Generalized nucleus segmentation techniques can contribute greatly to reducing the time to develop and validate visual biomarkers for new digital pathology datasets. We summarize the results of MoNuSeg 2018 Challenge whose objective was to develop generalizable nuclei segmentation techniques in digital pathology. The challenge was an official satellite event of the MICCAI 2018 conference in which 32 teams with more than 80 participants from geographically diverse institutes participated. Contestants were given a training set with 30 images from seven organs with annotations of 21,623 individual nuclei. A test dataset with 14 images taken from seven organs, including two organs that did not appear in the training set was released without annotations.
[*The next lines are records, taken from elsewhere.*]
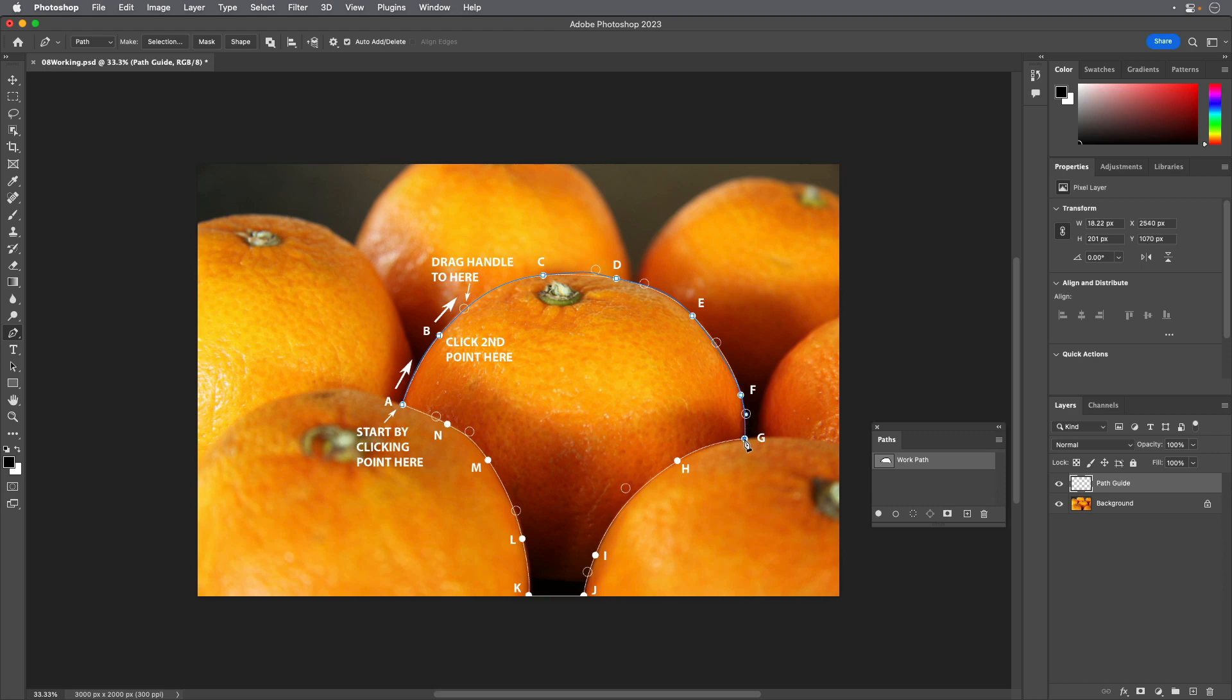Click point G. Do not drag. This creates the corner at point G.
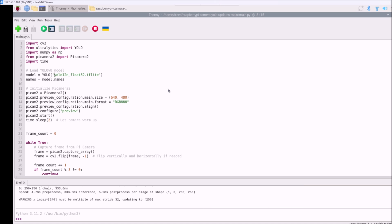In the next video, I will create a custom object detection model, convert it to TFLite, and detect custom objects using the Raspberry Pi 4 camera module. I hope you learned something from this video. We will meet in the next video — till then, thank you, take care, and bye bye.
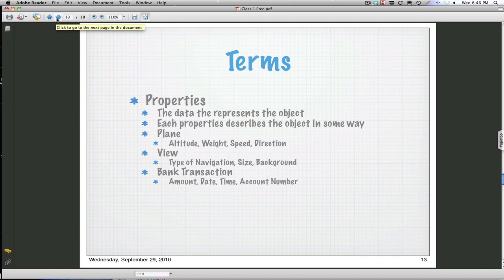What's a property? A property is anything that represents that object. If we want to change its altitude, that would be a property. Want to change the weight or apply the weight to our plane object? In our view it may be the background, it may be the size—those might be different properties.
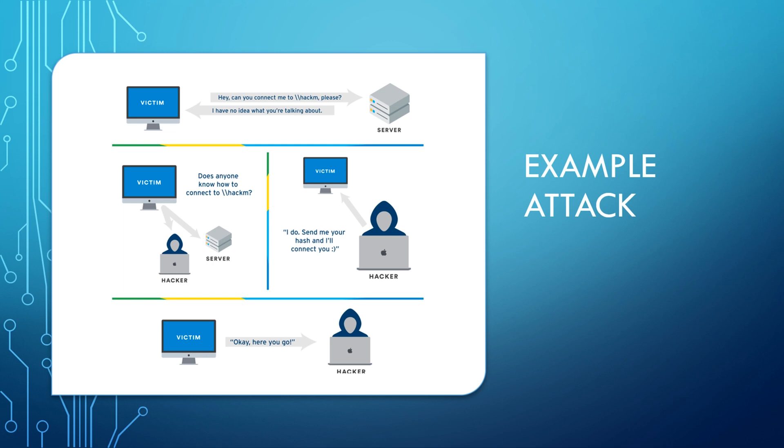Because we're having this DNS failure, the victim machine is going to send out a broadcast message to everybody on the network. And it's going to say, hey, does anybody know how to connect to hackm? And a malicious hacker can sit in the middle and say, you know what, I sure do know how to connect to that. Why don't you just send me over your hash or your credentials, and I'll connect to it for you. And the victim is going to say, okay, here you go. Here's my hash.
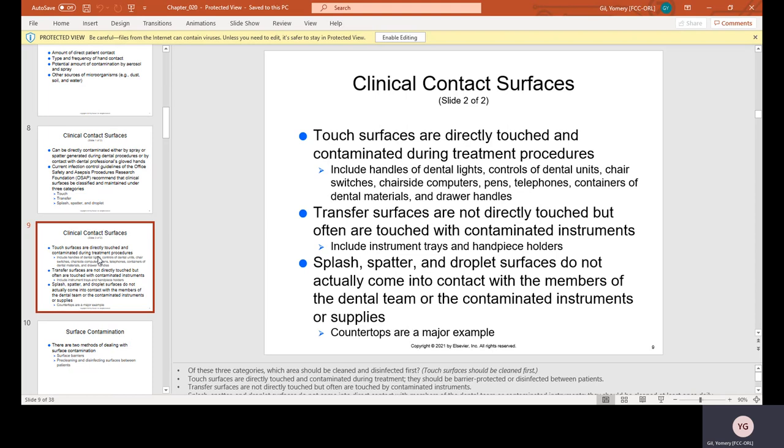Transfer surfaces are not directly touched but are often touched with contaminated instruments. These include instrument trays and handpiece holders. Splash, spatter, and droplet surfaces do not actually come in contact with the dental team or contaminated instruments. Countertops are a major example — you're not really touching them, but there's spatter, splash, and droplets that fall onto these surfaces even if you cannot see them.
Entries were evaluated based on average aggregated Jaccard index (AJI) on the test set to prioritize accurate instance segmentation as opposed to mere semantic segmentation. More than half the teams that completed the challenge outperformed a previous baseline [1]. Among the trends observed that contributed to increased accuracy were the use of color normalization as well as heavy data augmentation. Additionally, fully convolutional networks inspired by variants of U-Net [2], FCN [3], and Mask- RCNN [4] were popularly used, typically based on ResNet [5] or VGG [6] base architectures. Watershed segmentation on predicted semantic segmentation maps was a popular post-processing strategy. Several of the top techniques compared favorably to an individual human annotator and can be used with confidence for nuclear morphometrics.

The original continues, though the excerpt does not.